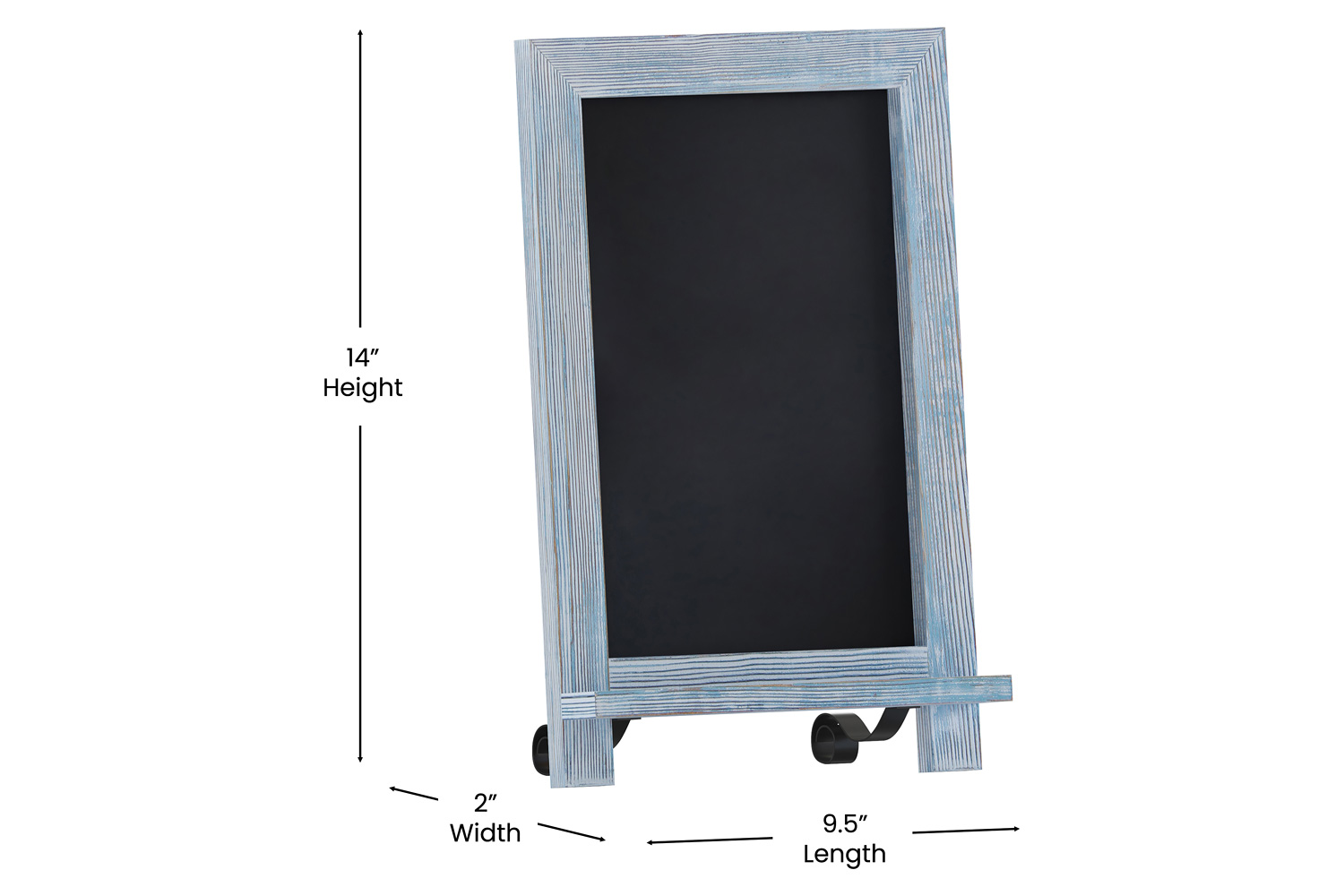 BLNK Canterbury Rustic Blue Tabletop Magnetic Chalkboards with Metal Scrolled Legs Set of 10 - 9.5"W x 14"H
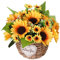 HOLIDYOYO Girasoli Artificiali In Vaso Bonsai Girasole Di Seta Con Vaso In Rattan Girasoli Finti Composizioni Floreali Per L'home Office Tavolo Del Ristorante Decorazione Del Davanzale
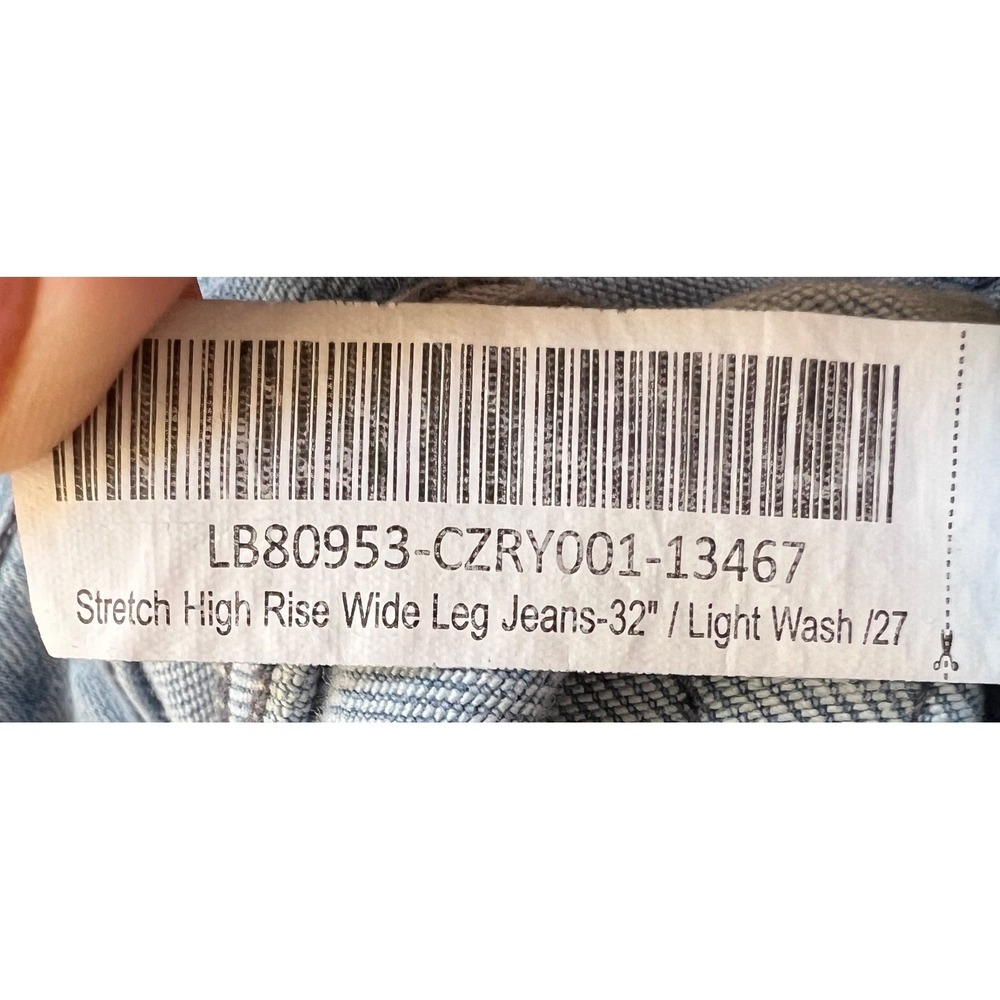 Quince Jeans Womens 27x31 Stretch High Rise Wide Leg Light Wash Distressed - Picture 13 of 16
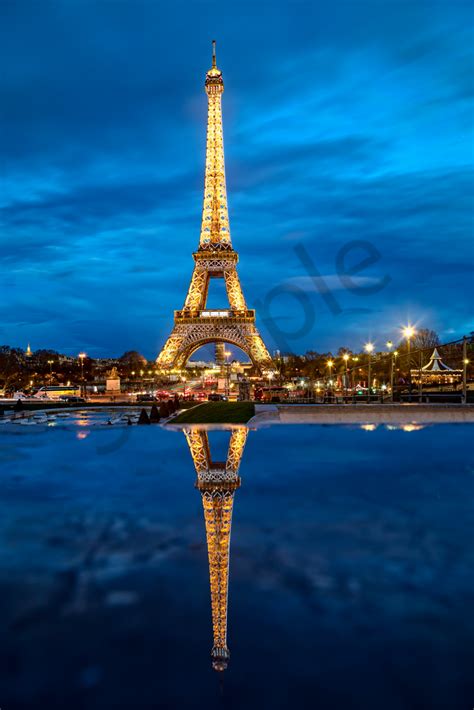 Art Print Anatole Paris France Eiffel Tower And Reflection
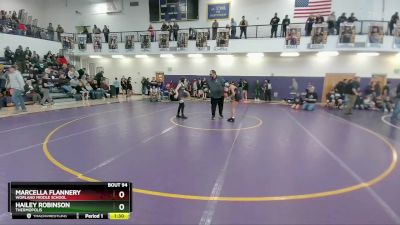 98 lbs Quarterfinal - Marcella Flannery, Worland Middle School vs Hailey Robinson, Thermopolis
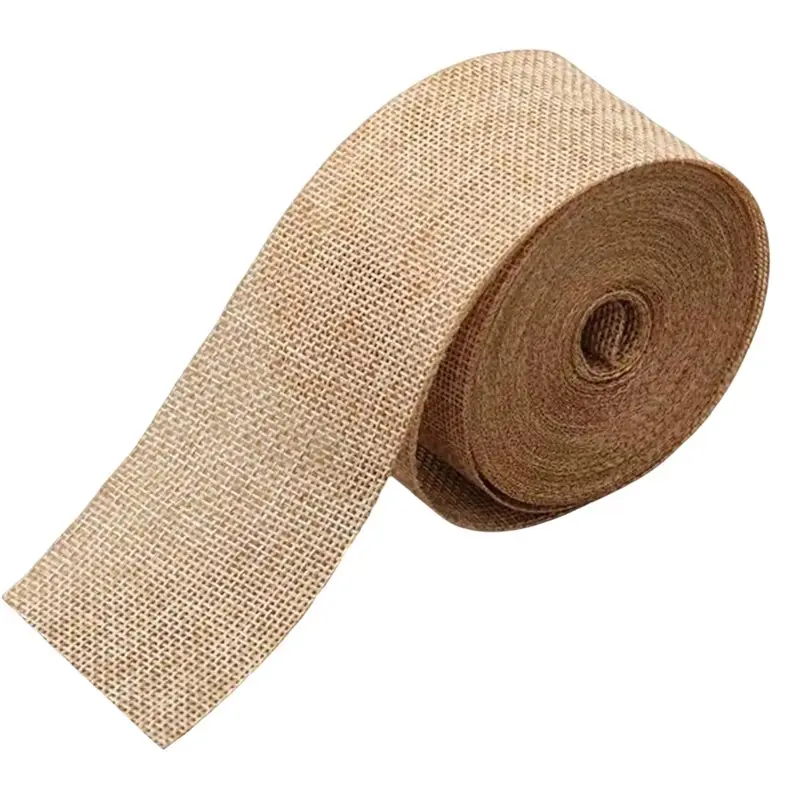 IALJ-Jute Ribbon Roll Natural Jute Tape Burlap Fabric Strip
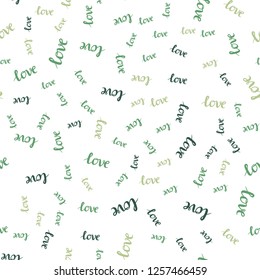 Light Green, Yellow vector seamless texture with words LOVE YOU. Decorative illustration with words of love in abstract style. Pattern for trendy fabric, wallpapers.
....................
PROMPT
Begin with the first line of the entries above and write out each line exactly, ending with the line containing "IALJ-Jute Ribbon Roll". Leave out pictures.

SOLUTION TO THE PROBLEM
 BLNK Canterbury Rustic Blue Tabletop Magnetic Chalkboards with Metal Scrolled Legs Set of 10 - 9.5"W x 14"H
 HOLIDYOYO Girasoli Artificiali In Vaso Bonsai Girasole Di Seta Con Vaso In Rattan Girasoli Finti Composizioni Floreali Per L'home Office Tavolo Del Ristorante Decorazione Del Davanzale
 Quince Jeans Womens 27x31 Stretch High Rise Wide Leg Light Wash Distressed - Picture 13 of 16
 Art Print Anatole Paris France Eiffel Tower And Reflection
 98 lbs Quarterfinal - Marcella Flannery, Worland Middle School vs Hailey Robinson, Thermopolis
 IALJ-Jute Ribbon Roll Natural Jute Tape Burlap Fabric Strip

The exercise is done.